START EXCERPTED DATA

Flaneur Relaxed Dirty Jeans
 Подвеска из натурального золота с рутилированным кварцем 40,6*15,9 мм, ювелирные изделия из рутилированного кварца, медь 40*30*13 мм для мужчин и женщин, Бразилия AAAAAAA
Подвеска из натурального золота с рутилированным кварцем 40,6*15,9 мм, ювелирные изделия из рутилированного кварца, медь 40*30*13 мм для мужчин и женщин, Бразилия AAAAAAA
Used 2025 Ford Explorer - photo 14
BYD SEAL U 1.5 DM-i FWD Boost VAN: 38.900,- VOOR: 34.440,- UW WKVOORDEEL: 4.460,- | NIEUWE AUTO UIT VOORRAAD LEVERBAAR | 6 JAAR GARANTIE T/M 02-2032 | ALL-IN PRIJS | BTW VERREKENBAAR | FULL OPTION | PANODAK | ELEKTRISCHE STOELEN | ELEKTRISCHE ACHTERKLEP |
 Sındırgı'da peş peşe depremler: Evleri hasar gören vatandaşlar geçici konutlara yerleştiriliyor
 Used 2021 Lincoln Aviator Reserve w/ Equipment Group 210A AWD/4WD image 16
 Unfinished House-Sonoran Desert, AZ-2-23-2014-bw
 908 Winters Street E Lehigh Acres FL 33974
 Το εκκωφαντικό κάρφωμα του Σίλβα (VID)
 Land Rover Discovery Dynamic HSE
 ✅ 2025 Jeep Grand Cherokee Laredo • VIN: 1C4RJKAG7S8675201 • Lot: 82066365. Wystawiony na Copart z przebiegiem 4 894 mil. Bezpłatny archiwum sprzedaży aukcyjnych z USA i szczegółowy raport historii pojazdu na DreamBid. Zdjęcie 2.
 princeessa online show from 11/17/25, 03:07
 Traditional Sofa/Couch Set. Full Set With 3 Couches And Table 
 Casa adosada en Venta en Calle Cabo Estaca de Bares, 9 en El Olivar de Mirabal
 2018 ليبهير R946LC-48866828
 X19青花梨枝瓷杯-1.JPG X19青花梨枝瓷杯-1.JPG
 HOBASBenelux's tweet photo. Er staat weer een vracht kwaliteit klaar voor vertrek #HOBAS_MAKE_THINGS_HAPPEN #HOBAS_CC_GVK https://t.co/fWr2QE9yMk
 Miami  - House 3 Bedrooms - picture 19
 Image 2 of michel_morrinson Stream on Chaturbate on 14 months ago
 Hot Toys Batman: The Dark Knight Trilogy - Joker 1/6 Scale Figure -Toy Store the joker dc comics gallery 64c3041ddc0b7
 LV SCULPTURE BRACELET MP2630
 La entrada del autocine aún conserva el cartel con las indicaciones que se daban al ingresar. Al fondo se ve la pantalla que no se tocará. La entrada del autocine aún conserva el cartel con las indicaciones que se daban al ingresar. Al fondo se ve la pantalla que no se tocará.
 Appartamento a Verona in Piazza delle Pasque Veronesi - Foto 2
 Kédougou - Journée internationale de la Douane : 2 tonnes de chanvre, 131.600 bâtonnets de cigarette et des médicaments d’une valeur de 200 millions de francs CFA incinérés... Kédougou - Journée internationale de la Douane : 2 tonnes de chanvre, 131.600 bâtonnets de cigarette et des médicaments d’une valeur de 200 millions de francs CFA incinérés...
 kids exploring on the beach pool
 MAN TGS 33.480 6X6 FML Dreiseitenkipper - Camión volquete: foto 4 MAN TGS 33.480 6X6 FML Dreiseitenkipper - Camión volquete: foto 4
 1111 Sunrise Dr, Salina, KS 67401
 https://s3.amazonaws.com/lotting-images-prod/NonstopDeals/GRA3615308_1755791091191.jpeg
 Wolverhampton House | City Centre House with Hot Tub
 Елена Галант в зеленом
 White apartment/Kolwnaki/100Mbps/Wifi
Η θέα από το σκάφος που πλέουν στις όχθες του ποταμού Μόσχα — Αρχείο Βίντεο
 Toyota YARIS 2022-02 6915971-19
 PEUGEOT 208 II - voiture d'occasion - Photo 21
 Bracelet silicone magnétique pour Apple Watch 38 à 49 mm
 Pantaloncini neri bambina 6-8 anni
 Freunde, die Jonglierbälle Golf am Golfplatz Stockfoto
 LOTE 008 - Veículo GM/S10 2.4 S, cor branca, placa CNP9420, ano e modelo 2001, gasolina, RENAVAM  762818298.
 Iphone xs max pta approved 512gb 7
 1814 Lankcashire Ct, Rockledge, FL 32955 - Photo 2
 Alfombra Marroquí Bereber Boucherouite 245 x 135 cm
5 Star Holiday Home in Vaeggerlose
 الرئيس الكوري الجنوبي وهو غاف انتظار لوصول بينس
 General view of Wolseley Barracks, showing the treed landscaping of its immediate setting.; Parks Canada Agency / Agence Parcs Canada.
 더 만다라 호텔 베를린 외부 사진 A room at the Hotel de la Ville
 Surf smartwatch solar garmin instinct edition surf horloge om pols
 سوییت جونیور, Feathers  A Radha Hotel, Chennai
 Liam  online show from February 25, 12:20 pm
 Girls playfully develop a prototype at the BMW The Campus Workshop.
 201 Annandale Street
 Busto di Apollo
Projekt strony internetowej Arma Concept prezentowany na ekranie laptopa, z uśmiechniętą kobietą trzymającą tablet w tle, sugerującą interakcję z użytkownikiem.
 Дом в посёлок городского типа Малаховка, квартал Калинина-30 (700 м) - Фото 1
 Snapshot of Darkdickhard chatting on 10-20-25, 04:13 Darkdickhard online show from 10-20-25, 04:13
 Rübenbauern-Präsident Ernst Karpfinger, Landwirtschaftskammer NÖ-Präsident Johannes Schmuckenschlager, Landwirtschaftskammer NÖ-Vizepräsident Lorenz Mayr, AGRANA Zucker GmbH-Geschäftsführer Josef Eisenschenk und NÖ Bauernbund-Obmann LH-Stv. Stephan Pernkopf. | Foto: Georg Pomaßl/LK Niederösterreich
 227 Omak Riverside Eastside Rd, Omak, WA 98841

END EXCERPTED DATA

Set down every record above exactly as written.

◆ ANSWER AREA
Flaneur Relaxed Dirty Jeans
 Подвеска из натурального золота с рутилированным кварцем 40,6*15,9 мм, ювелирные изделия из рутилированного кварца, медь 40*30*13 мм для мужчин и женщин, Бразилия AAAAAAA
Подвеска из натурального золота с рутилированным кварцем 40,6*15,9 мм, ювелирные изделия из рутилированного кварца, медь 40*30*13 мм для мужчин и женщин, Бразилия AAAAAAA
Used 2025 Ford Explorer - photo 14
BYD SEAL U 1.5 DM-i FWD Boost VAN: 38.900,- VOOR: 34.440,- UW WKVOORDEEL: 4.460,- | NIEUWE AUTO UIT VOORRAAD LEVERBAAR | 6 JAAR GARANTIE T/M 02-2032 | ALL-IN PRIJS | BTW VERREKENBAAR | FULL OPTION | PANODAK | ELEKTRISCHE STOELEN | ELEKTRISCHE ACHTERKLEP |
 Sındırgı'da peş peşe depremler: Evleri hasar gören vatandaşlar geçici konutlara yerleştiriliyor
 Used 2021 Lincoln Aviator Reserve w/ Equipment Group 210A AWD/4WD image 16
 Unfinished House-Sonoran Desert, AZ-2-23-2014-bw
 908 Winters Street E Lehigh Acres FL 33974
 Το εκκωφαντικό κάρφωμα του Σίλβα (VID)
 Land Rover Discovery Dynamic HSE
 ✅ 2025 Jeep Grand Cherokee Laredo • VIN: 1C4RJKAG7S8675201 • Lot: 82066365. Wystawiony na Copart z przebiegiem 4 894 mil. Bezpłatny archiwum sprzedaży aukcyjnych z USA i szczegółowy raport historii pojazdu na DreamBid. Zdjęcie 2.
 princeessa online show from 11/17/25, 03:07
 Traditional Sofa/Couch Set. Full Set With 3 Couches And Table 
 Casa adosada en Venta en Calle Cabo Estaca de Bares, 9 en El Olivar de Mirabal
 2018 ليبهير R946LC-48866828
 X19青花梨枝瓷杯-1.JPG X19青花梨枝瓷杯-1.JPG
 HOBASBenelux's tweet photo. Er staat weer een vracht kwaliteit klaar voor vertrek #HOBAS_MAKE_THINGS_HAPPEN #HOBAS_CC_GVK https://t.co/fWr2QE9yMk
 Miami  - House 3 Bedrooms - picture 19
 Image 2 of michel_morrinson Stream on Chaturbate on 14 months ago
 Hot Toys Batman: The Dark Knight Trilogy - Joker 1/6 Scale Figure -Toy Store the joker dc comics gallery 64c3041ddc0b7
 LV SCULPTURE BRACELET MP2630
 La entrada del autocine aún conserva el cartel con las indicaciones que se daban al ingresar. Al fondo se ve la pantalla que no se tocará. La entrada del autocine aún conserva el cartel con las indicaciones que se daban al ingresar. Al fondo se ve la pantalla que no se tocará.
 Appartamento a Verona in Piazza delle Pasque Veronesi - Foto 2
 Kédougou - Journée internationale de la Douane : 2 tonnes de chanvre, 131.600 bâtonnets de cigarette et des médicaments d’une valeur de 200 millions de francs CFA incinérés... Kédougou - Journée internationale de la Douane : 2 tonnes de chanvre, 131.600 bâtonnets de cigarette et des médicaments d’une valeur de 200 millions de francs CFA incinérés...
 kids exploring on the beach pool
 MAN TGS 33.480 6X6 FML Dreiseitenkipper - Camión volquete: foto 4 MAN TGS 33.480 6X6 FML Dreiseitenkipper - Camión volquete: foto 4
 1111 Sunrise Dr, Salina, KS 67401
 https://s3.amazonaws.com/lotting-images-prod/NonstopDeals/GRA3615308_1755791091191.jpeg
 Wolverhampton House | City Centre House with Hot Tub
 Елена Галант в зеленом
 White apartment/Kolwnaki/100Mbps/Wifi
Η θέα από το σκάφος που πλέουν στις όχθες του ποταμού Μόσχα — Αρχείο Βίντεο
 Toyota YARIS 2022-02 6915971-19
 PEUGEOT 208 II - voiture d'occasion - Photo 21
 Bracelet silicone magnétique pour Apple Watch 38 à 49 mm
 Pantaloncini neri bambina 6-8 anni
 Freunde, die Jonglierbälle Golf am Golfplatz Stockfoto
 LOTE 008 - Veículo GM/S10 2.4 S, cor branca, placa CNP9420, ano e modelo 2001, gasolina, RENAVAM  762818298.
 Iphone xs max pta approved 512gb 7
 1814 Lankcashire Ct, Rockledge, FL 32955 - Photo 2
 Alfombra Marroquí Bereber Boucherouite 245 x 135 cm
5 Star Holiday Home in Vaeggerlose
 الرئيس الكوري الجنوبي وهو غاف انتظار لوصول بينس
 General view of Wolseley Barracks, showing the treed landscaping of its immediate setting.; Parks Canada Agency / Agence Parcs Canada.
 더 만다라 호텔 베를린 외부 사진 A room at the Hotel de la Ville
 Surf smartwatch solar garmin instinct edition surf horloge om pols
 سوییت جونیور, Feathers  A Radha Hotel, Chennai
 Liam  online show from February 25, 12:20 pm
 Girls playfully develop a prototype at the BMW The Campus Workshop.
 201 Annandale Street
 Busto di Apollo
Projekt strony internetowej Arma Concept prezentowany na ekranie laptopa, z uśmiechniętą kobietą trzymającą tablet w tle, sugerującą interakcję z użytkownikiem.
 Дом в посёлок городского типа Малаховка, квартал Калинина-30 (700 м) - Фото 1
 Snapshot of Darkdickhard chatting on 10-20-25, 04:13 Darkdickhard online show from 10-20-25, 04:13
 Rübenbauern-Präsident Ernst Karpfinger, Landwirtschaftskammer NÖ-Präsident Johannes Schmuckenschlager, Landwirtschaftskammer NÖ-Vizepräsident Lorenz Mayr, AGRANA Zucker GmbH-Geschäftsführer Josef Eisenschenk und NÖ Bauernbund-Obmann LH-Stv. Stephan Pernkopf. | Foto: Georg Pomaßl/LK Niederösterreich
 227 Omak Riverside Eastside Rd, Omak, WA 98841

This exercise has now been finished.